Why antibodies to Coronavirus fade quickly in asymptomatic people, says Study

*Does everyone infected with the virus produce antibodies — and if so, how long do they last? Ask scientists

Isola Moses | ConsumerConnect

You may have antibodies after novel Coronavirus (COVID-19) infection, but not for long, say scientists in a new study.

It’s a question that has haunted scientists since the deadly pandemic began: Does everyone infected with the virus produce antibodies — and if so, how long do they last?

Not very long, suggests a new study published Thursday, June 18, 2020, in Nature Medicine, reports The New York Times.

What are antibodies?

They are protective proteins made in response to an infection, which may last only two to three months, especially in people who never showed symptoms while they were infected.

However, the conclusion does not necessarily mean that these people can be infected a second time, several experts have cautioned.

Even low levels of powerful neutralising antibodies may still be protective, as are the immune system’s T cells and B cells.

Report says that the results yet offer a strong note of caution against the idea of “immunity certificates” for people who have recovered from the illness, the authors suggested.

Antibodies to other Coronaviruses, including those that cause SARS and MERS, are thought to last about a year.

Scientists had hoped that antibodies to the new virus might last at least as long.

Several studies have now shown that most people who are visibly ill with Covid-19 develop antibodies to the virus, although it has been unclear how long those antibodies last, according to the report.

The new study is the first to characterise the immune response in asymptomatic people.

In the study, the researchers compared 37 asymptomatic people to an equal number who had symptoms in the Wanzhou District of China.

The investigators found that asymptomatic people mount a weaker response to the virus than those who develop symptoms.

Antibody levels fell to undetectable levels in 40 percent of asymptomatic people, compared with just 13 percent of symptomatic people.

The sample size is small, however, and the researchers did not take into account protection offered by immune cells that may fight the virus on their own or make new antibodies when the virus invades.

A few studies have shown that the coronavirus stimulates a robust and protective cellular immune response.

Angela Rasmussen, a virologist at Columbia University, said: “Most people are generally not aware of T cell immunity, and so much of the conversation has focused on antibody levels.”

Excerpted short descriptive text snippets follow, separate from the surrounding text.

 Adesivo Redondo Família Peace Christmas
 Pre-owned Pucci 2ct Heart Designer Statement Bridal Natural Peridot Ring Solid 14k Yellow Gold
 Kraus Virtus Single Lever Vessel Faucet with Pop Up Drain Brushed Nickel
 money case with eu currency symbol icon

Apart from T cells, which can kill the virus on encounter, people who have been infected make so-called memory B cells, which can rapidly ramp up antibody production when needed.

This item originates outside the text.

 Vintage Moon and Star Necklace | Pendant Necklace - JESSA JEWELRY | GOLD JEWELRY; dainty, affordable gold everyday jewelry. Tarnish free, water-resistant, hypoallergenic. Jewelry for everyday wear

Florian Krammer, a virologist at the Icahn School of Medicine at Mount Sinai, who has led several studies of antibodies to the Coronavirus, stated: “If they find the virus again, they remember and start to make antibodies very, very quickly.”

Antibodies to one viral protein dropped below detectable levels, according to the study. But a second set of antibodies targeting the so-called spike protein of the coronavirus — needed to neutralise the virus and prevent reinfection — were still present.

In fact, these antibodies seemed to show a smaller decline in asymptomatic people than in symptomatic people.

“The neutralising antibody is what matters, and that tells a very different story,” Dr. Krammer said.